Written by one of the preeminent researchers in the field, this book provides a comprehensive exposition of modern analysis of causation. It shows how causality has grown from a nebulous concept into a mathematical theory with significant applications in the fields of statistics, artificial intelligence, economics, philosophy, cognitive science, and the health and social sciences. Judea Pearl presents and unifies the probabilistic, manipulative, counterfactual, and structural approaches to causation and devises simple mathematical tools for studying the relationships between causal connections and statistical associations. The book will open the way for including causal analysis in the standard curricula of statistics, artificial intelligence, business, epidemiology, social sciences, and economics. Students in these fields will find natural models, simple inferential procedures, and precise mathematical definitions of causal concepts that traditional texts have evaded or made unduly complicated. The first edition of Causality has led to a paradigmatic change in the way that causality is treated in statistics, philosophy, computer science, social science, and economics.
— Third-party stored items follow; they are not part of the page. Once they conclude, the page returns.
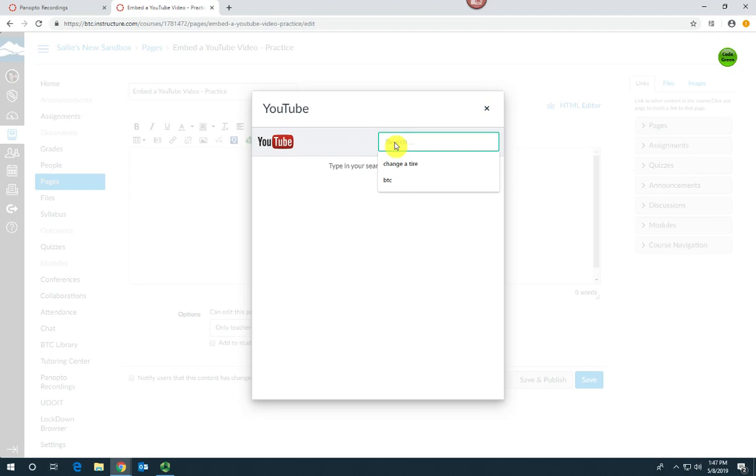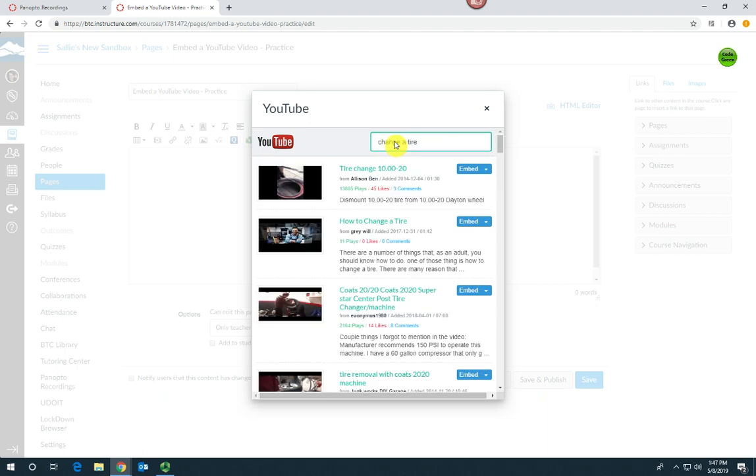Enter your search criteria or the name of the video, find your video on the list, and select embed.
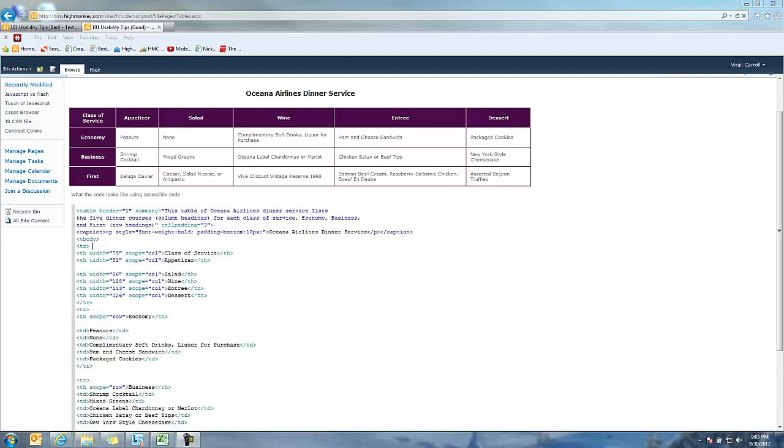But there are times we may need to use tables to display information in a tabular format. What you see here is Oceana Airlines dinner service - any Lost fans will know what Oceana Air is. This is a scenario where we'd have a very good reason for displaying something in a table format. Screen readers can understand tables, but not very well.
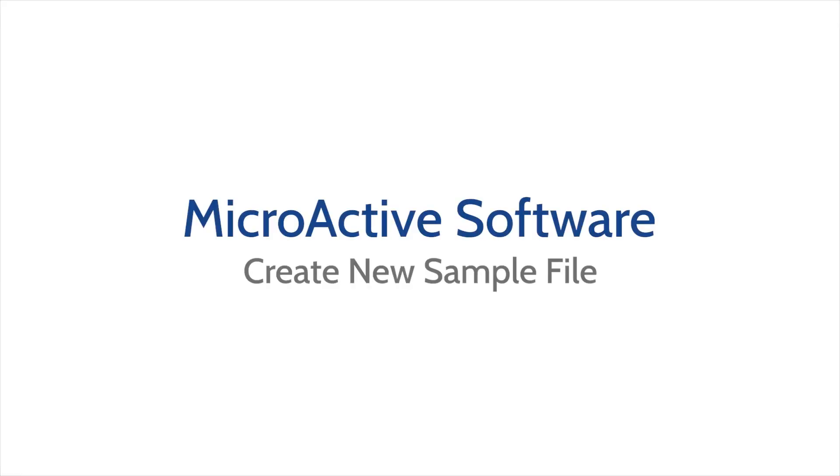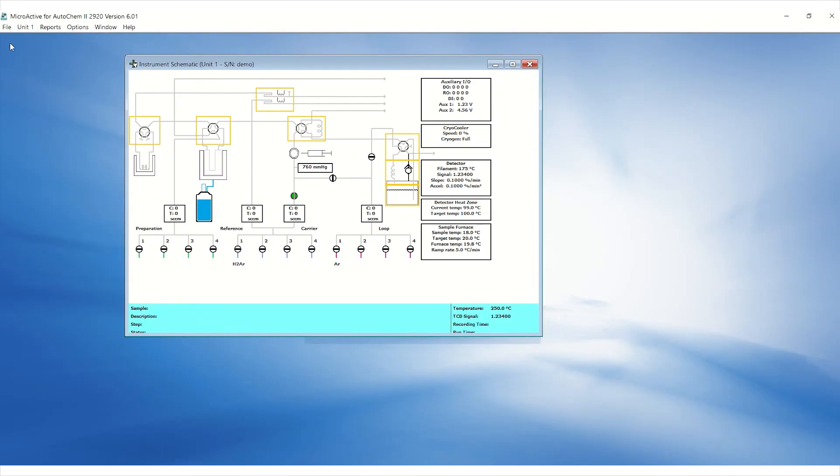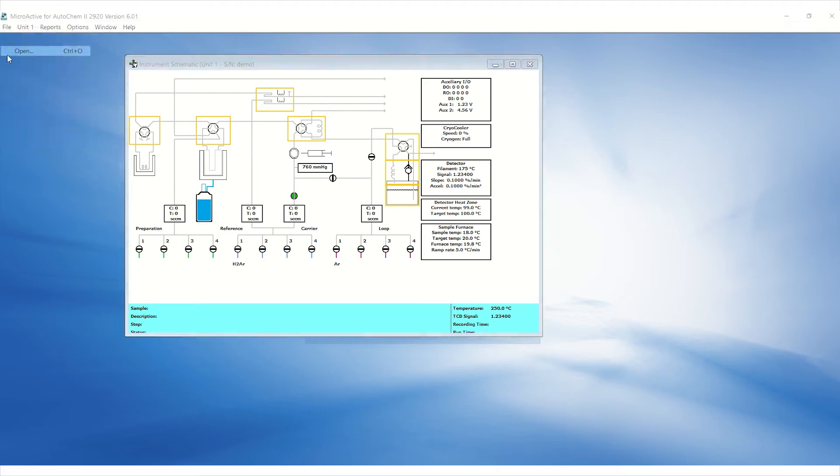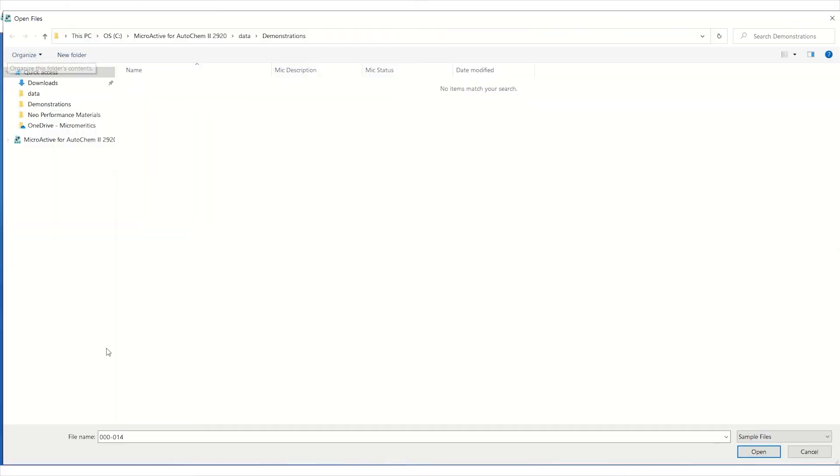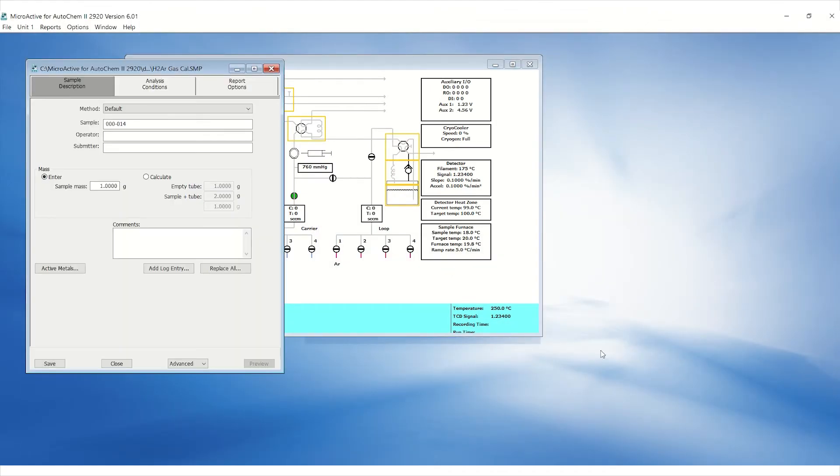In the MicroActive software, make a new sample file. Click on file, open, and then enter the name of your choice. Click open and select OK when asked if you wish to create the file. This will create a new SMP file. Enter your sample name and operator's initials for future reference.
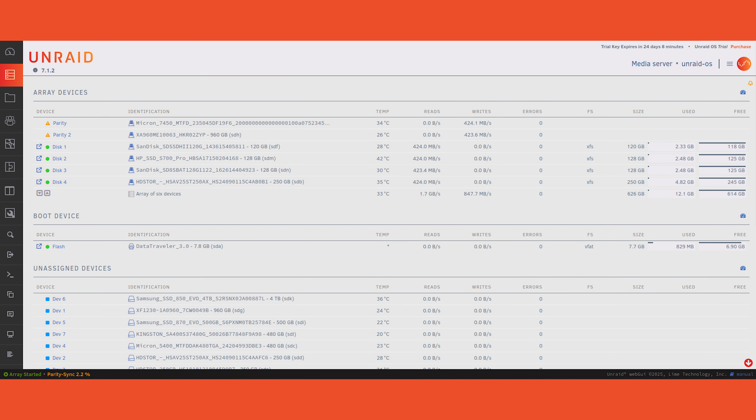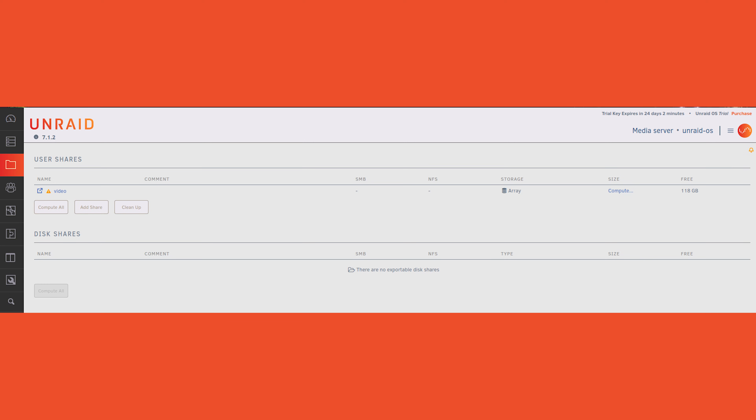Let's dig a little deeper into how each system actually manages data under the hood. For Unraid, drives are formatted individually — usually with XFS, which is the default, but also Btrfs, and now ZFS. It uses a parity-based array, not striping, so each file lives fully on a single disk. You can mix and match drive sizes, add drives at any time, and still maintain redundancy with one or two parity drives. You can also pull out a disk and mount it in any Linux system, which is super helpful for recovery. There's no concept of VDEVs or striped volumes — just independent disks managed through the array.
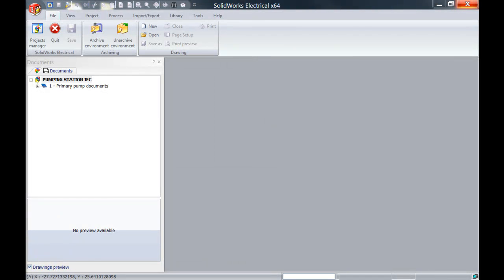Hi, my name is Christian from Solitec Solutions and in this video I'm going to show you how to assign an enclosure and a backplate in a cabinet layout.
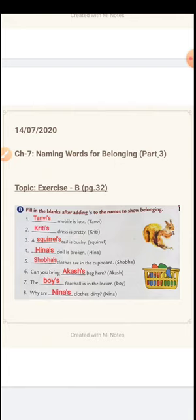Now let's read this instruction: Fill in the blanks after adding apostrophe and S to the names to show belongings. In each question, you will find some naming words within brackets. These naming words possess something — something belongs to these people. The name of these people possess something, owns something. So let's read the sentence and use apostrophe and S with these names to show their position.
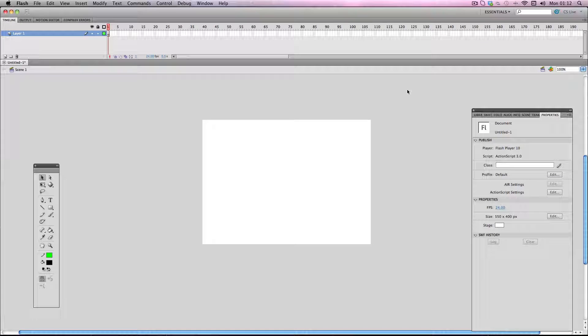Hey, in this tutorial I'm going to be going over a fundamental element in Flash, and that is what stage size do I use. There isn't really a right or wrong answer for this; it mainly depends on what you're making.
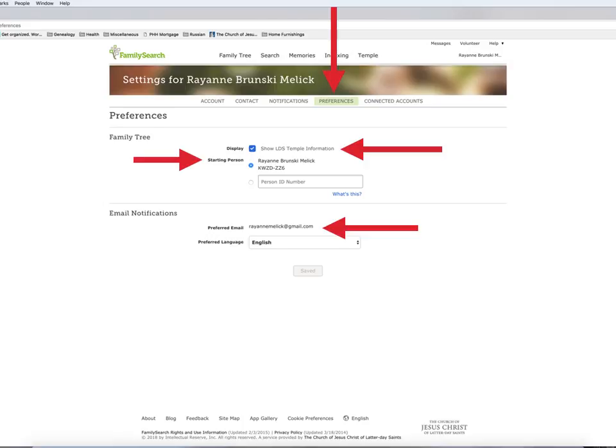The next tab is Preferences. Here you can see a couple of options for your display in Family Tree. It is easy to toggle the LDS temple information on or off. This is really helpful when you want to share copies of pedigree charts or family group records with those family members that don't use the computer or just like their paper. I love this option because I can keep my non-LDS cousins and relatives updated, but not remind them that I am of the LDS faith. The starting person can also be changed — this is helpful if you want to share records showing someone else as the beginning person.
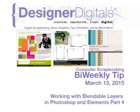Welcome to Designer Digital's Bi-Weekly Tip, March 13, 2015. This week, working with Blendable Layers in Photoshop and Elements Part 4.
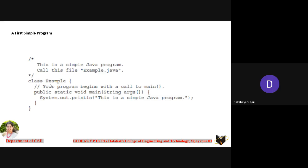Whatever class name you take must also be the name of the file, as I told you in the last class. To begin writing the body of this class, use the opening flower bracket. There are three types of comment lines. The first starts with a forward slash followed by a star — you can take as many lines as you want as a comment line, ending it with a star and forward slash. This is called a multi-line comment. If you have only a single line, you can write it with two forward slashes.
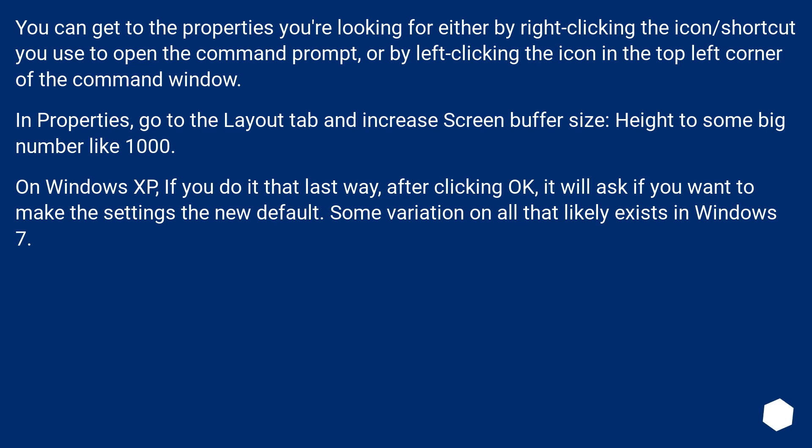On Windows XP, if you do it that last way, after clicking OK, it will ask if you want to make the settings the new default. Some variation on all that likely exists in Windows 7.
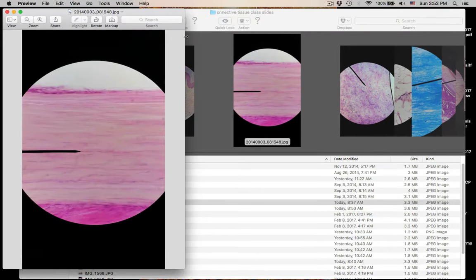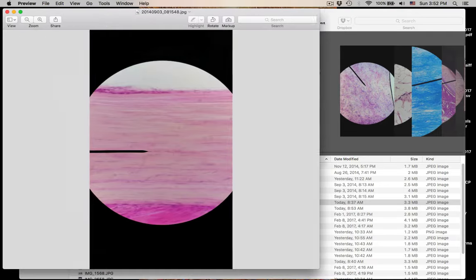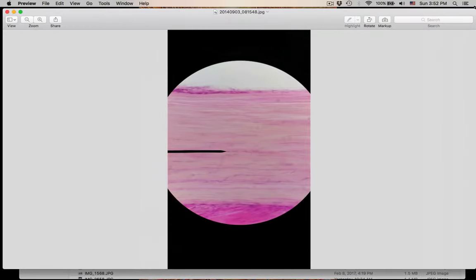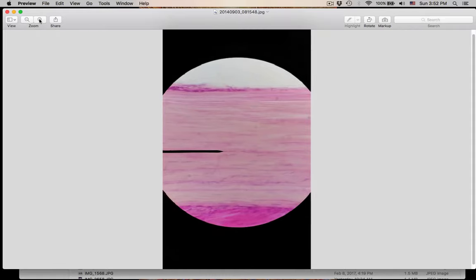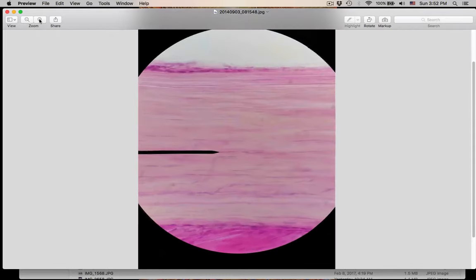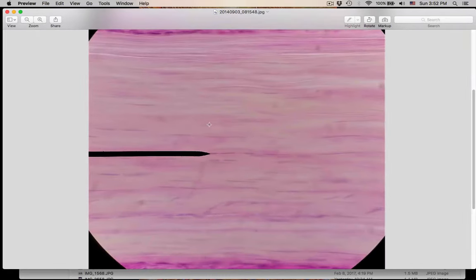This one's a little bit blurry. Sometimes these are blurry just because the specimen is so thick. But can you tell, just by the pattern here, what kind of connective tissue this is? This is number seven.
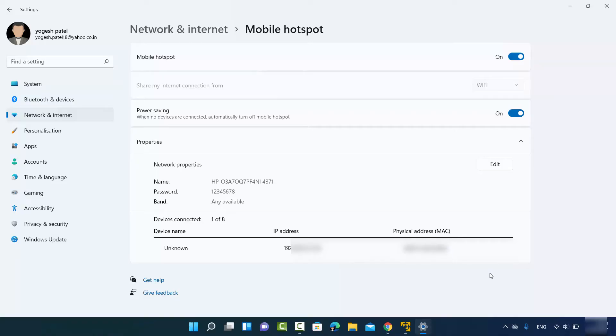That's how you can create a Wi-Fi hotspot on your Windows 11 operating system. I hope you enjoyed this video and I'll see you in the next one.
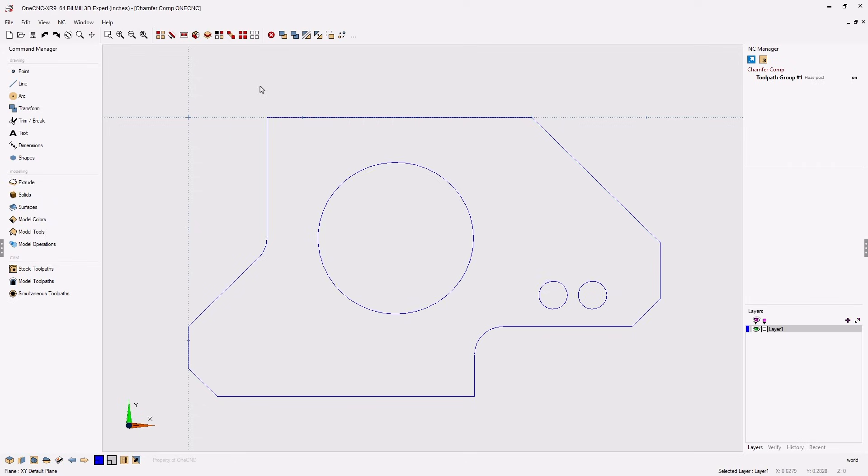In this tip of the day let's take a look at how we can use cutter comp when applying a chamfer operation. Now what's nice about this tip is that you can use it on simple wireframe geometry. You do not need a solid model.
Cited in more than 5,000 scientific publications, it continues to liberate scientists from the traditional molds of statistical thinking. In this revised edition, Judea Pearl elucidates thorny issues, answers readers' questions, and offers a panoramic view of recent advances in this field of research. Causality will be of interests to students and professionals in a wide variety of fields. Anyone who wishes to elucidate meaningful relationships from data, predict effects of actions and policies, assess explanations of reported events, or form theories of causal understanding and causal speech will find this book stimulating and invaluable.

商品描述(中文翻譯)

由該領域的頂尖研究者撰寫,本書全面介紹了現代因果分析。它展示了因果性如何從模糊的概念發展成為一個具有顯著應用價值的數學理論,涉及統計學、人工智能、經濟學、哲學、認知科學以及健康和社會科學等領域。Judea Pearl介紹並統一了概率、操作、反事實和結構方法來研究因果關係,並提出了簡單的數學工具來研究因果關聯和統計關聯之間的關係。本書將為統計學、人工智能、商業、流行病學、社會科學和經濟學的標準課程中納入因果分析鋪平道路。這些領域的學生將找到自然模型、簡單的推論程序以及對因果概念的精確數學定義,而這些傳統教材往往避而不談或使其過於複雜。《因果性》的第一版在統計學、哲學、計算機科學、社會科學和經濟學中引起了範式轉變。它被引用在超過5,000篇科學出版物中,繼續使科學家擺脫傳統的統計思維模式。在這個修訂版中,Judea Pearl闡明了棘手的問題,回答了讀者的問題,並全面介紹了這一研究領域的最新進展。《因果性》將對各個領域的學生和專業人士感興趣。任何希望從數據中闡明有意義的關係、預測行動和政策的影響、評估報告事件的解釋或形成對因果理解和因果言論的理論的人都會發現本書具有刺激性和無價值。